In the entries below, find the line containing "Property building, Lobby/Reception" and the line containing "5906 Luckenbach Lane, Crestview, FL". Copy those two lines and everything between them exactly, without the pictures.

Given records ::
Start of Block
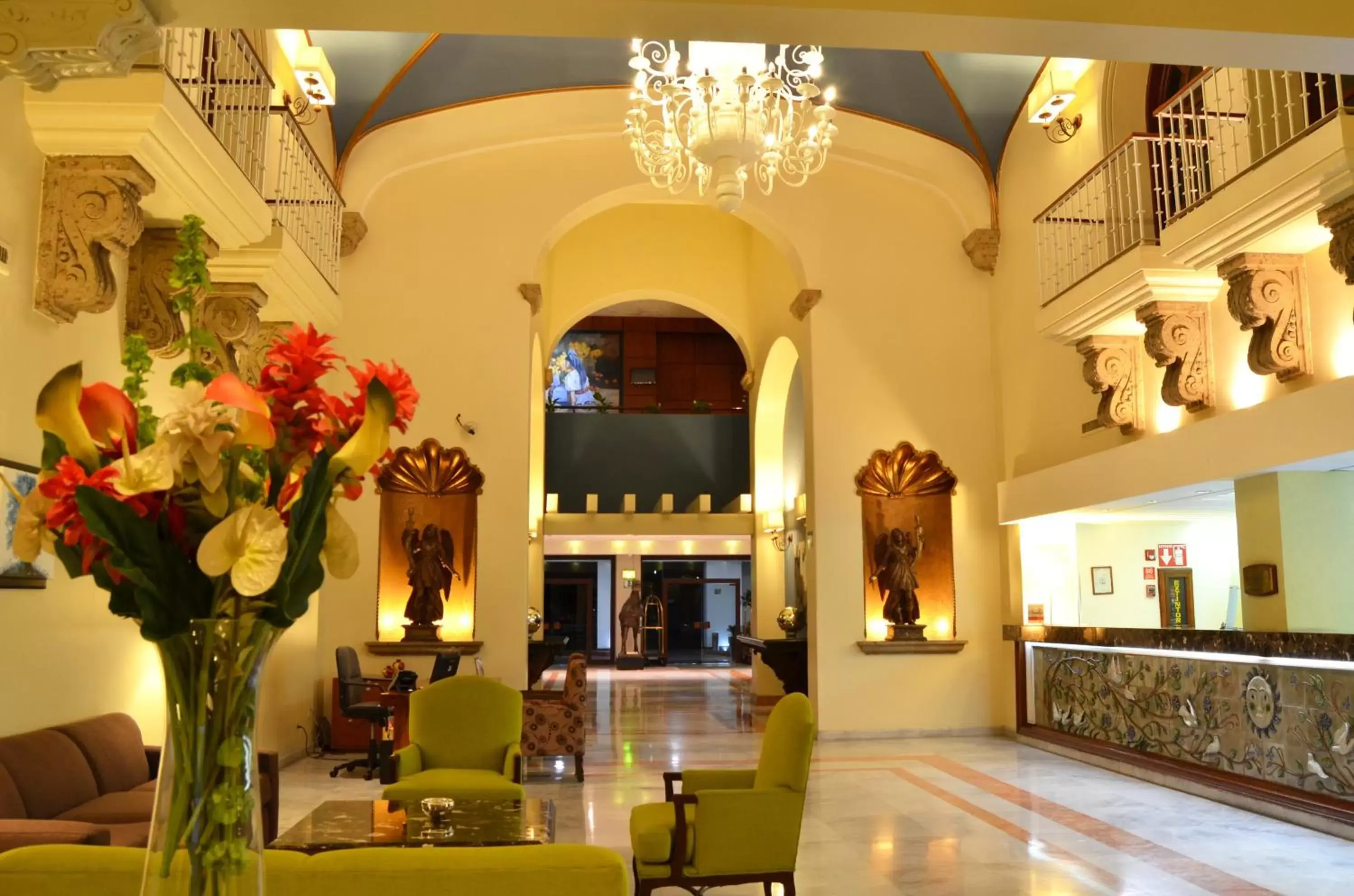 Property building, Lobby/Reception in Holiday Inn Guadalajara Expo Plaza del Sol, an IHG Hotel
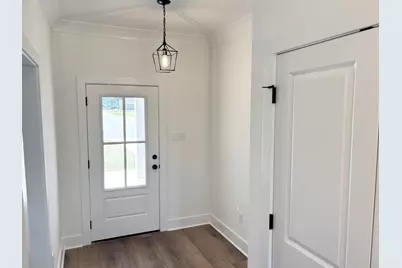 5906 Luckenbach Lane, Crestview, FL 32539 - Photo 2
End of Block
Start of Block
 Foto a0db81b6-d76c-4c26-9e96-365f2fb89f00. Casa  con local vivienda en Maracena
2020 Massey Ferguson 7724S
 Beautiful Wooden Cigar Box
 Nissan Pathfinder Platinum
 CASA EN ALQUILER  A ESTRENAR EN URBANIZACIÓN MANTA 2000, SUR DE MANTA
End of Block
Answer space ::
 Property building, Lobby/Reception in Holiday Inn Guadalajara Expo Plaza del Sol, an IHG Hotel
 5906 Luckenbach Lane, Crestview, FL 32539 - Photo 2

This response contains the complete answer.